**Required action**
Leave out every picture, then transcribe the rest of the listing exactly.

**Given records**
● ● ● ● ● ● ●

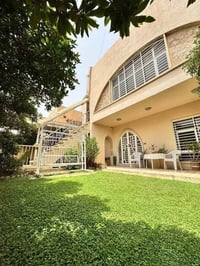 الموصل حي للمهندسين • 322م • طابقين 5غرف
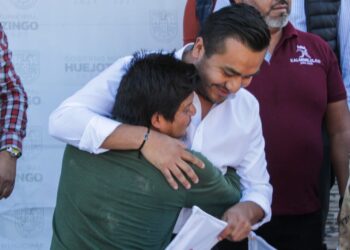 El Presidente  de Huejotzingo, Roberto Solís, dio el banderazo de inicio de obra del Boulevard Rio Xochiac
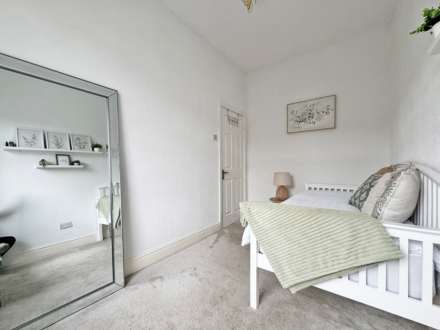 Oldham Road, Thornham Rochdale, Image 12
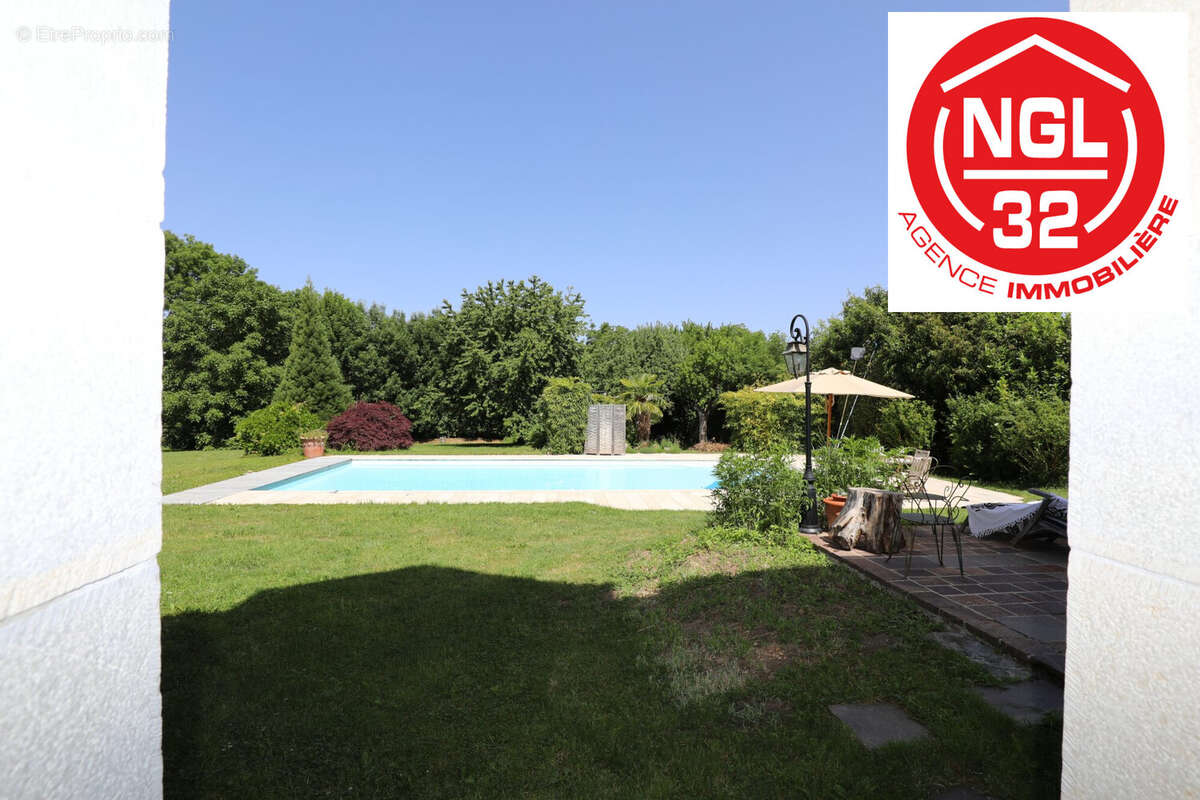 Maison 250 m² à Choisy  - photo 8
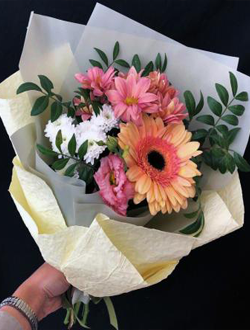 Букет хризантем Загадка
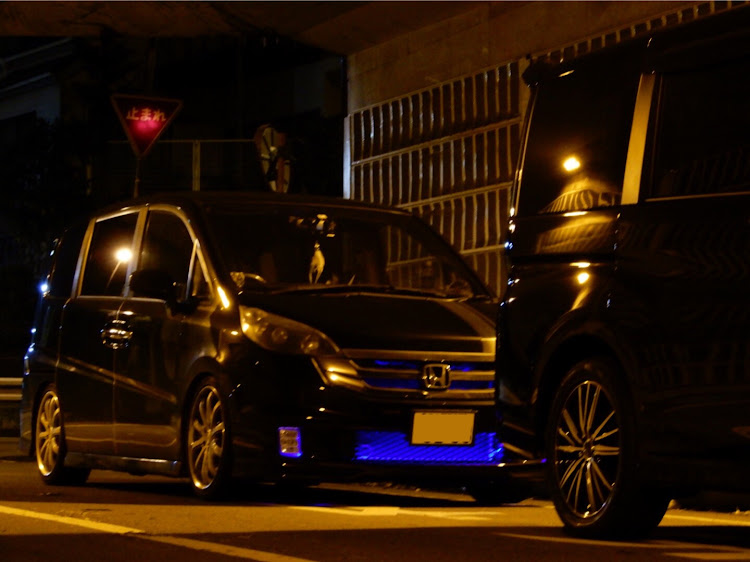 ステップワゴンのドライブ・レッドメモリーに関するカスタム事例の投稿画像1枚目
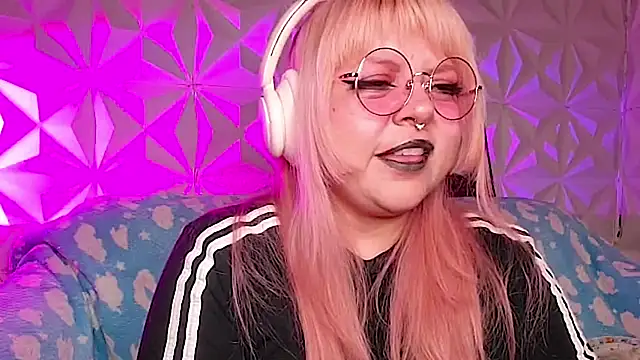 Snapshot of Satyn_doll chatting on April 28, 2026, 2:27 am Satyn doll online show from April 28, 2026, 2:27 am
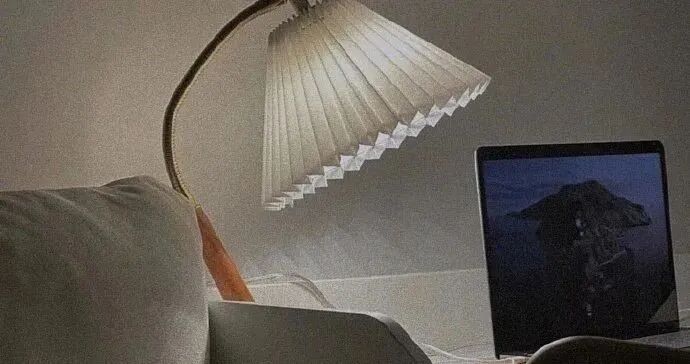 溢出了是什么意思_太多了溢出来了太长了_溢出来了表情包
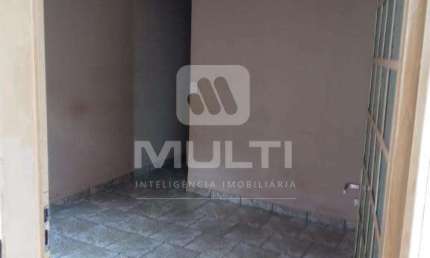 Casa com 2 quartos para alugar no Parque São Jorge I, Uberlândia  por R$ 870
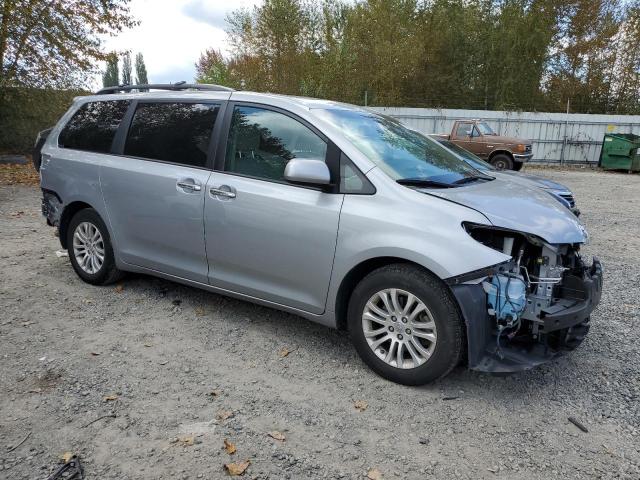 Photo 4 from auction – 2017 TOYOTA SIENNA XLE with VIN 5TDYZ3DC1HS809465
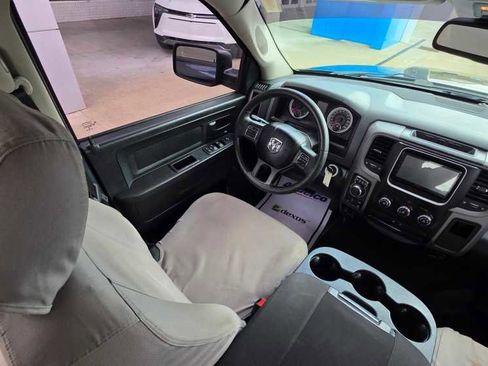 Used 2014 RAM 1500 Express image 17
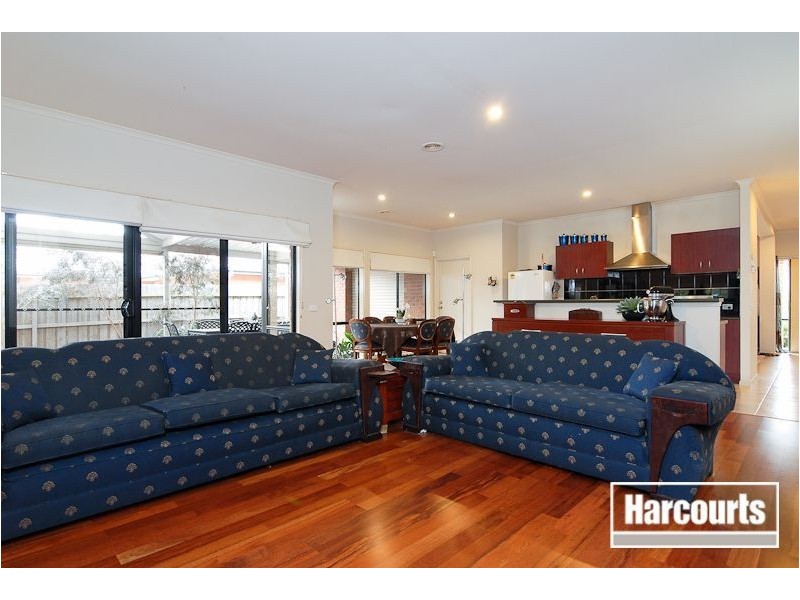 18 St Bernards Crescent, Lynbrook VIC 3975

● ● ● ● ● ● ●

**Response area**
 الموصل حي للمهندسين • 322م • طابقين 5غرف
 El Presidente  de Huejotzingo, Roberto Solís, dio el banderazo de inicio de obra del Boulevard Rio Xochiac
 Oldham Road, Thornham Rochdale, Image 12
 Maison 250 m² à Choisy  - photo 8
 Букет хризантем Загадка
 ステップワゴンのドライブ・レッドメモリーに関するカスタム事例の投稿画像1枚目
 Snapshot of Satyn_doll chatting on April 28, 2026, 2:27 am Satyn doll online show from April 28, 2026, 2:27 am
 溢出了是什么意思_太多了溢出来了太长了_溢出来了表情包
 Casa com 2 quartos para alugar no Parque São Jorge I, Uberlândia  por R$ 870
 Photo 4 from auction – 2017 TOYOTA SIENNA XLE with VIN 5TDYZ3DC1HS809465
 Used 2014 RAM 1500 Express image 17
 18 St Bernards Crescent, Lynbrook VIC 3975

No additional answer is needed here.